Die archäologische Stätte könnte auch in Zukunft ein Mehrwert für den Tourismus in Sankt Vith darstellen sowie pädagogischen Zwecken dienen.

  1. Weitere dringende Gründe: Die Parzelle ist mittelfristig von einem Bauprojekt eines Mehrfamilienhauses von 33 Wohnungen mit Tiefgarage betroffen. Die mit Blei verseuchte Erde der Parzelle soll vor dem Baubeginn saniert werden. Auf einer Parzelle, wo jeglicher Bodeneingriff ohne archäologisch fachmännische Expertise grundsätzlich das Risiko birgt, archäologische Befunde zu beschädigen, werden die Erdausschachtungen im Rahmen der Sanierung und des Bauprojekts relevante kulturhistorische Schichten, Funde und Befunde unwiederbringlich zerstören. Die für Denkmalschutz zuständige Ministerin hat am 8. Dezember 2020 im Rahmen der öffentlichen Untersuchung zur Genehmigung der Bodensanierung eine entsprechende Stellungnahme abgegeben.

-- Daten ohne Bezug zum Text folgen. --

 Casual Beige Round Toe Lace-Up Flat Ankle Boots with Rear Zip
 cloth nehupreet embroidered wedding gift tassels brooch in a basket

Geschützt werden soll die archäologische Stätte auf der Parzelle Bahnhofstraße in 4780 Sankt Vith, Gemarkung 1, Flur G, 51 k². Für den langfristigen Erhalt und die Sichtbarkeit für die Öffentlichkeit der archäologischen Stätte ist der Entwurf eines vollständigen Projekts in den kommenden Monaten notwendig.

Der Schutzbereich umfasst die folgenden Parzellen: Sankt Vith, Gemarkung 1, Flur G, 50y, 50b², 51b², 51c, 51d², 51l², 51m², 51s, 51v, 52c, 52d, 52e, 52g, 52n, 54f, 54h, 54k, 54l, 54n, 57 und Flur B, Nr. 86t², 89 k³, 89p³, 92x², 92y². Dieser ist im Erlass der Regierung in rosa gefärbt und mit einem durchgehenden fetten Strich umrandet.

Der Schutzbereich ist nicht Teil des geschützten Guts, sondern soll seinem Schutz vor negativen Einwirkungen dienen. Im Schutzbereich sind weitere mittelalterliche Befunde und Funde mit hoher Wahrscheinlichkeit zu erwarten, die für die Interpretation des gesamten archäologischen Kontexts wichtig sind. Somit müssen jegliche Erdbewegungen auf den betroffenen Parzellen genehmigt und archäologisch begleitet werden. Der Schutzbereich wurde so angelegt, dass eventuelle negative Einflüsse auf das geschützte Gut durch Bautätigkeiten im Umfeld abgewendet werden können. Der Schutzbereich umfasst das unmittelbare Umfeld des geschützten Gutes, wesentliche Sichtachsen und andere Gebiete oder Merkmale, die eine wichtige praktische Rolle spielen, um das Gut und seinen Schutz zu unterstützen.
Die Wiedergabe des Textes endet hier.